Monday, July 07, 2008

When my backyard is impacted, I'll change

Unabated, our contagious love affair with the car will congest us -- our roadways and our airways -- and heat up the global mercury.

Do we have to wait until the target of our infatuation floods our backyard?
Washes away the levies in our city?
Do we have to wait until the fields growing corn and soybeans for our next meal are struck by flood, drought, pestilence, pollution or lack of pollination?

Unfortunately, the answer to those questions is YES. We humans are so slow to change our habits, to believe the science of global warming, that we must have tangible evidence or shocking energy bills before we change.

The canary in the coal mine -- the elegant polar bear and their shrinking habitat -- are a long way off from our backyard.

There are potential extinctions in my own backyard that will impact my life.

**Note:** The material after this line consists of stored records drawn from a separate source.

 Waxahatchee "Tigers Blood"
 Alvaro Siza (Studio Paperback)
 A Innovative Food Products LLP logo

1. Honey Bees. Have you heard of the Colony Collapse Disorder in which millions of bees simply fly away from their hives and the super-fields they are consigned to pollinate?

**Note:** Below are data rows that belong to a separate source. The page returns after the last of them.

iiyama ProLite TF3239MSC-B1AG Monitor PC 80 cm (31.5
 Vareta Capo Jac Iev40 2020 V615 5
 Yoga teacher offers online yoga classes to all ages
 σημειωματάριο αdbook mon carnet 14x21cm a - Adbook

I don't have the skills or time to pollinate my next meal, and I appreciate bees for doing that work, thanklessly.

Without bees in my backyard, we could all be pretty hungry. Google Colony Collapse Disorder and learn more. It's even on the radar of the US Dept. of Agriculture, so it must be real.
Einstein said that without bees, humankind will last about four years.

2. Bats. Have you heard about a fungus that is threatening the extinction of bats? Again, I could never do for the earth what bats do -- consume 500 to 1500 mosquitoes an hour, quietly, mostly unseen.

I prefer bats to pesticides, which could be contributing toe the Colony Collapse disorder.

We're all interconnected in the web of life-- that should be a song or a book or a website. :-0

A few weeks ago, while researching material for a speech and interactive presentation on carpooling and bike commuting, I Googled "Species Loss."

The results, solid and unmovable at the top of the organic search, caused me to stop my normal multi-task attack of my daily to-do list.

http://www.well.com/~davidu/extinction.html, gave me cubicle paralysis.

Posted on the website are more than 100 scholarly articles proving climate change is impacting the Earth's biodiversity.

Read it and feel the fear, as I did. The following simple statement precedes the list of links to the articles:

"Human beings are currently causing the greatest mass extinction of species since the extinction of the dinosaurs 65 million years ago. If present trends continue, one half of all species of life on earth will be extinct in less than 100 years, as a result of habitat destruction, pollution, invasive species, and climate change."

For a decade, Prof. David Ulansey, a Professor in the Philosophy, Cosmology, and Consciousness Program at the California Institute of Integral Studies in San Francisco, has diligently posted articles that prove climate change is creating the greatest mass extinction of species since the dinosaurs.

This sounds like the canary in the coal mine. If half of all species on Earth are doomed, who's to say humans won't fall with everything else.

Will we read the writing on the website and change our foolish ways?